After years of glaucoma surgery consisting of trabeculectomy, shunts and not much else, recently there has been an explosion in filtering procedures or adjuncts to make them better. OculusGen Biomedical, a company from Taiwan, hopes its adjunct, a small plug of material called ologen, can increase the efficacy of trabeculectomy without the need for antifibrotic agents like mitomycin-C. Here's a look at ologen and what benefits it might offer the glaucoma surgeon if it ever arrives in the United States.

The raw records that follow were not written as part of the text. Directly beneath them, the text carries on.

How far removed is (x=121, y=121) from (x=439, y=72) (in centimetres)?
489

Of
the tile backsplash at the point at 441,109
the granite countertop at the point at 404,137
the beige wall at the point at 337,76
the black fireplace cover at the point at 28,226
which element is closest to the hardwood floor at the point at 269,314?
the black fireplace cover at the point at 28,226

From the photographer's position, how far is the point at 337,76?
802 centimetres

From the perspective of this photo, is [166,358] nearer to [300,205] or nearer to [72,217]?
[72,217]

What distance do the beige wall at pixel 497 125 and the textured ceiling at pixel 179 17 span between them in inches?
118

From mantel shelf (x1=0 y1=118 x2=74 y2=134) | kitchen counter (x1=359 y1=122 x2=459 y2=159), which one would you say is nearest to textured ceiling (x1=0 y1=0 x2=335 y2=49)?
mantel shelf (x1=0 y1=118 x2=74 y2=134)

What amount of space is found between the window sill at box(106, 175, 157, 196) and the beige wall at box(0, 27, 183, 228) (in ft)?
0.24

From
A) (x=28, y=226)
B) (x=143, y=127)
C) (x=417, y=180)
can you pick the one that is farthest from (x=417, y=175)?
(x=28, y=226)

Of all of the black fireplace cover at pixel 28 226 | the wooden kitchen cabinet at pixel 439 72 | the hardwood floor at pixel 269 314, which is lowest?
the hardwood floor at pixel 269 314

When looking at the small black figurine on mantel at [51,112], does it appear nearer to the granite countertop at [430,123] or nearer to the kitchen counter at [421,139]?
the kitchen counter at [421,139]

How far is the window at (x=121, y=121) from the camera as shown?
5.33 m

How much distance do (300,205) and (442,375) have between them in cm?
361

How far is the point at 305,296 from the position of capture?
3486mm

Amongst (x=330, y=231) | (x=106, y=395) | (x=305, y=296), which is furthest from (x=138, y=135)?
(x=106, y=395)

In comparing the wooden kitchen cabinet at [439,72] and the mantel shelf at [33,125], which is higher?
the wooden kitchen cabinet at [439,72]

Ologen itself is a matrix of collagen and chondroitin 6-sulfate that's 7 mm in diameter and 4 mm thick. It's 95-percent porous with pore sizes ranging from 20 to 200 µm. Robert Ritch, MD, chief of glaucoma at the New York Eye and Ear Infirmary, has worked on the initial papers using ologen in animal studies, reviewing the data and editing them. He is a consultant to OculusGen. "Ologen is designed to try to avoid the possible side effects of antifibrotic use such as hypotony and infection," he says. "After the trabeculectomy is completed, the surgeon puts the ologen on top of the scleral flap before the conjunctiva is closed. The thousands of pores in the ologen are designed to let fibroblasts grow in diffusely rather than coming in en masse and forming a scar that might lead to bleb failure. Instead it gives you a spongy, net-like bleb. The material then biodegrades over 30 to 60 days. At the end of that time, once the ologen is degraded enough, what you're left with is a fibroblast bleb."

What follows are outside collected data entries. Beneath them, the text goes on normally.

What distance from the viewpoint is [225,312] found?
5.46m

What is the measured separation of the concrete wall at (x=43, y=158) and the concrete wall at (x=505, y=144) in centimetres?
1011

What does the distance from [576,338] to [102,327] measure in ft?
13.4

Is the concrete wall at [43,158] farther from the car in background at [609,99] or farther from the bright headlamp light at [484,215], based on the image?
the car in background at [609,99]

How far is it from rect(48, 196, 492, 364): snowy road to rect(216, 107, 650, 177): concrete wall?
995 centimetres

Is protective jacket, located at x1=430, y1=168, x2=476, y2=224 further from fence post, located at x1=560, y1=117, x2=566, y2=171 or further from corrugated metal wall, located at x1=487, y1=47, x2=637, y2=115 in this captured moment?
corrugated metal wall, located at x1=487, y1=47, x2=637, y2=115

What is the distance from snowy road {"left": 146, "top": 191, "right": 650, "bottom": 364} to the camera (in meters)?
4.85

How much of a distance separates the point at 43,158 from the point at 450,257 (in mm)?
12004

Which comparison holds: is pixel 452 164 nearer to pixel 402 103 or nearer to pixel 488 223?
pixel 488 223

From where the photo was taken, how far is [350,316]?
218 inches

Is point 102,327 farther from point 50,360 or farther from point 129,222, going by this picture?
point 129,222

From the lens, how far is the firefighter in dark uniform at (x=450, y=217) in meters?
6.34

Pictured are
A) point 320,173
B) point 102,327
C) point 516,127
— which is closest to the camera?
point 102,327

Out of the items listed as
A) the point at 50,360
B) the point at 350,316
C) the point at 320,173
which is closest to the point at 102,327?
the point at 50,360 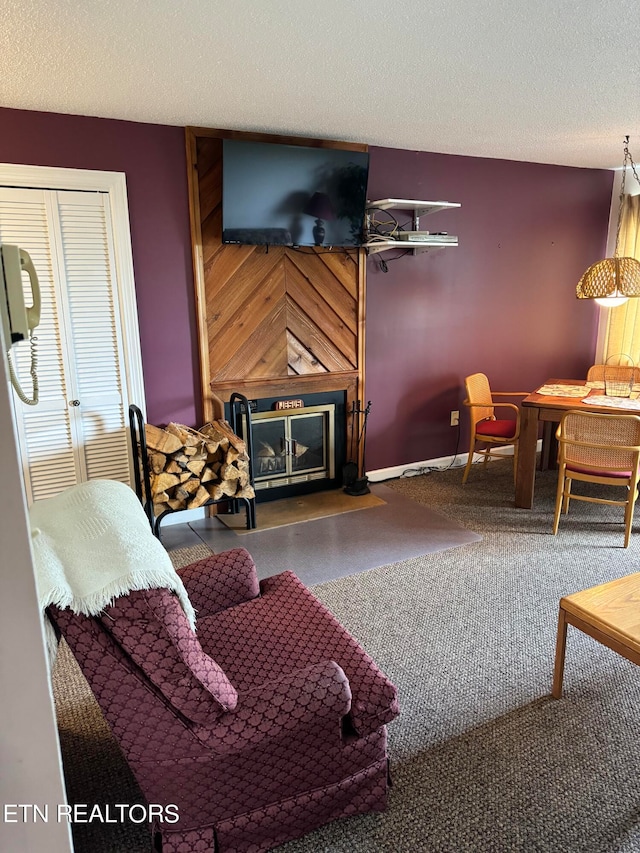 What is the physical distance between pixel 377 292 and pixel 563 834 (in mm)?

In a multicenter, prospective study, 59 patients with refractory glaucoma underwent trabeculectomy with the use of adjunctive ologen in one eye. Preoperatively, the average intraocular pressure was 38.7 ±7.5 mmHg, and patients were on an average of 2.1 ±0.9 glaucoma medications. At nine months postop, the average IOP was 16.1 ±3.2 mmHg, a 58.3-percent reduction (p<0.05), and necessary medications had decreased to 0.3 ±0.2. There were no significant intraoperative or postoperative complications. (Chen HS, et al. IOVS 2007;48:ARVO E-Abstract 826)


Rimvydis Asoklis, MD, PhD, director of the Vilnius University Hospital Eye Center in Vilnius, Lithuania, has been working with ologen for several months, implanting it in four patients. "In two of the eyes it was used with repeat surgeries and in the other two it was used for primary procedures," he says. "Since it's only been a short follow-up, the results still look good. However, a longer period is necessary to evaluate glaucoma procedures. The material itself was easy to work with, and there were no complications during or after surgery."


"As soon as we get the FDA's approval in the U.S., we're going to do a prospective, controlled trial comparing ologen with trabeculectomy with mitomycin," says Dr. Ritch.